= EXERCISE GOAL =
Comb the records below for the string "scans" and copy each line where it turns up.

= DATASET CONTENT =

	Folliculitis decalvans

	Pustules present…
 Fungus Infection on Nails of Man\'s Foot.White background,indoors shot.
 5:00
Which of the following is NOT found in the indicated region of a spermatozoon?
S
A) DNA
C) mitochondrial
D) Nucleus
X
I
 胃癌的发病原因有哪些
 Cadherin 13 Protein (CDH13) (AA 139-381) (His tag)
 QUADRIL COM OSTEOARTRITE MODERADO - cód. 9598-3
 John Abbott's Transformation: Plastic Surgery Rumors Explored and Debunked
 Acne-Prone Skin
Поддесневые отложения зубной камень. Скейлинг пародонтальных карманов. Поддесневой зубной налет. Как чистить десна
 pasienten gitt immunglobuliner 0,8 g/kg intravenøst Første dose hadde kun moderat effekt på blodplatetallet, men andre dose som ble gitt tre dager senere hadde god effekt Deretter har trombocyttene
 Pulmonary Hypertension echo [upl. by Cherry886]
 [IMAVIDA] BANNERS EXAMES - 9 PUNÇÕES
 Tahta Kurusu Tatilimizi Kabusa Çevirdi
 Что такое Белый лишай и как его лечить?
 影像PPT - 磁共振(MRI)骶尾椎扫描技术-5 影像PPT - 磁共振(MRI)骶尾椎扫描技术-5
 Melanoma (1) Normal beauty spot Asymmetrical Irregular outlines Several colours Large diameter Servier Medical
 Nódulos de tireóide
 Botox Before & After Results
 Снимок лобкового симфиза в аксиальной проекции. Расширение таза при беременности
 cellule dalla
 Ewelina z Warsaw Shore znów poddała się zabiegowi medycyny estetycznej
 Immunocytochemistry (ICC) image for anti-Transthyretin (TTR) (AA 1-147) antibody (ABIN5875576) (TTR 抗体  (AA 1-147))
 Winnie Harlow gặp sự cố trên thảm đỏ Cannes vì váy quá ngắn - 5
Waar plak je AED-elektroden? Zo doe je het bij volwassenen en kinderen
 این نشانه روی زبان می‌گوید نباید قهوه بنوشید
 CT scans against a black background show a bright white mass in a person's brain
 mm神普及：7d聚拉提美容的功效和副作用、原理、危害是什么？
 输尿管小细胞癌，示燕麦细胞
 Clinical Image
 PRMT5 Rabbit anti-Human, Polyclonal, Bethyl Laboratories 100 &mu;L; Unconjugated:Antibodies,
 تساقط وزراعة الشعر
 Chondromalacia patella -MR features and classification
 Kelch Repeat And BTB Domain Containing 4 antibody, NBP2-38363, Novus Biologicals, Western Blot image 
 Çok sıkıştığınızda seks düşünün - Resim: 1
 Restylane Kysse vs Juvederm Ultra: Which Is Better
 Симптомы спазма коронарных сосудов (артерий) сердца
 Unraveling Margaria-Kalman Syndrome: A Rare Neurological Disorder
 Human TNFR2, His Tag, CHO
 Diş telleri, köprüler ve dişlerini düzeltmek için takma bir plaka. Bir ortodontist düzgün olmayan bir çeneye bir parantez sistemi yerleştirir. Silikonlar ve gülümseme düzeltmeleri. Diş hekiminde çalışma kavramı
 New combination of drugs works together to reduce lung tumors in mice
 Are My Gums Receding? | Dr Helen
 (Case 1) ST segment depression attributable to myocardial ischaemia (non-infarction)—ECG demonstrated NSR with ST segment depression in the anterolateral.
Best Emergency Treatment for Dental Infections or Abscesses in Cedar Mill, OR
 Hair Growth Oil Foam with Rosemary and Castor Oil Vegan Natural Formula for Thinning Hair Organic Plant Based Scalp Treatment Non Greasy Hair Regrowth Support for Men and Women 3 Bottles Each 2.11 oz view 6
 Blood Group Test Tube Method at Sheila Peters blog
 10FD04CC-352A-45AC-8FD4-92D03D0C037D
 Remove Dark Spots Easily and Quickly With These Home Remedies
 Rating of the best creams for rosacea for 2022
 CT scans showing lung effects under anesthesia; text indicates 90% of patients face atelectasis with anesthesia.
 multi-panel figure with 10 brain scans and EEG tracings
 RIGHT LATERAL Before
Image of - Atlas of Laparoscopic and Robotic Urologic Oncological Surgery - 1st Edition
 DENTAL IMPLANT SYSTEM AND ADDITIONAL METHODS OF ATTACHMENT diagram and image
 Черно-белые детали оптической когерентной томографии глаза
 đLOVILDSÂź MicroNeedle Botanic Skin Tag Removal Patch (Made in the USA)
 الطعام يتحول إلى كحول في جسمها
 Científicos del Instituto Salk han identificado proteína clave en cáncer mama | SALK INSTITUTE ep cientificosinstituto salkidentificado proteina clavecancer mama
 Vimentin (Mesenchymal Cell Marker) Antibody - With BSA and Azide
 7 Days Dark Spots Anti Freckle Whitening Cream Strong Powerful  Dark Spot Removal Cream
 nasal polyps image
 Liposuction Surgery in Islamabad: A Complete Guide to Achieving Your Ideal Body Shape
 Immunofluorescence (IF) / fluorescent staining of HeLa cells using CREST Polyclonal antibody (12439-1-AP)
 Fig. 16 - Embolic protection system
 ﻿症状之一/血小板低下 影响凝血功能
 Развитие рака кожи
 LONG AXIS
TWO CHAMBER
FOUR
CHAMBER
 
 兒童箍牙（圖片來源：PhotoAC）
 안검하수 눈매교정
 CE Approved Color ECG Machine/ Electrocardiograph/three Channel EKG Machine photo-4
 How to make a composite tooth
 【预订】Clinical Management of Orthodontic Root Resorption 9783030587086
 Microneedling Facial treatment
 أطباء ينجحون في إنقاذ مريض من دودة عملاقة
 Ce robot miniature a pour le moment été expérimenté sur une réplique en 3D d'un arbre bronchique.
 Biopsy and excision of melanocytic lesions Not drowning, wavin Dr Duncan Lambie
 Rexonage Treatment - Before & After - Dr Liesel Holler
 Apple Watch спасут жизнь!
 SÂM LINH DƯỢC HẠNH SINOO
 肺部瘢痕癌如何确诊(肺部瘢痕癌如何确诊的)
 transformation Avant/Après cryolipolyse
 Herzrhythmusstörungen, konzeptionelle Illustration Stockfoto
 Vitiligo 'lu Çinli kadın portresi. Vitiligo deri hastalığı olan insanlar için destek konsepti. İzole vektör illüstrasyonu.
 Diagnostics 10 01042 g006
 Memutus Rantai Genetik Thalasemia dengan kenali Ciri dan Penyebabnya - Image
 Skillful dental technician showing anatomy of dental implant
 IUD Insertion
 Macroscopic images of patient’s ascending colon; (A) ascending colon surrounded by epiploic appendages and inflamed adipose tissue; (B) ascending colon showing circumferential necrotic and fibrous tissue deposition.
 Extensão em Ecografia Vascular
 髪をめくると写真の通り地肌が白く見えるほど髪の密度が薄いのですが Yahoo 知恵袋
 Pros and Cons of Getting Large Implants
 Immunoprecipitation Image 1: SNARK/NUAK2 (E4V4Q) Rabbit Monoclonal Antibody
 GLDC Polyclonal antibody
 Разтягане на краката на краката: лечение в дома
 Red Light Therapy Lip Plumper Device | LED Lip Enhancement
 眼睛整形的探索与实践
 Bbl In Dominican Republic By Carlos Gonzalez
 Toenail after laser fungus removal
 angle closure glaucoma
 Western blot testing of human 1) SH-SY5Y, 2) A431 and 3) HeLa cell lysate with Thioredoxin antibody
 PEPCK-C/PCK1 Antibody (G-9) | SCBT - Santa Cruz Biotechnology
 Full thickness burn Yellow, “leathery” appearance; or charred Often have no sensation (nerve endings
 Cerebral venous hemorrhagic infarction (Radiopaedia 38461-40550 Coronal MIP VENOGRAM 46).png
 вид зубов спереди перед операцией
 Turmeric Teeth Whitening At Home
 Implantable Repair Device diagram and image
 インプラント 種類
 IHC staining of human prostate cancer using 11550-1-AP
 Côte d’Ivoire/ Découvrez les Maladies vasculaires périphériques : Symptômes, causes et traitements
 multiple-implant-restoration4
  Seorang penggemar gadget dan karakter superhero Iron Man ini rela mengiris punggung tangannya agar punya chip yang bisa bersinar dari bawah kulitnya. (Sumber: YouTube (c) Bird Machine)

= RESULT =
 CT scans against a black background show a bright white mass in a person's brain
 CT scans showing lung effects under anesthesia; text indicates 90% of patients face atelectasis with anesthesia.
 multi-panel figure with 10 brain scans and EEG tracings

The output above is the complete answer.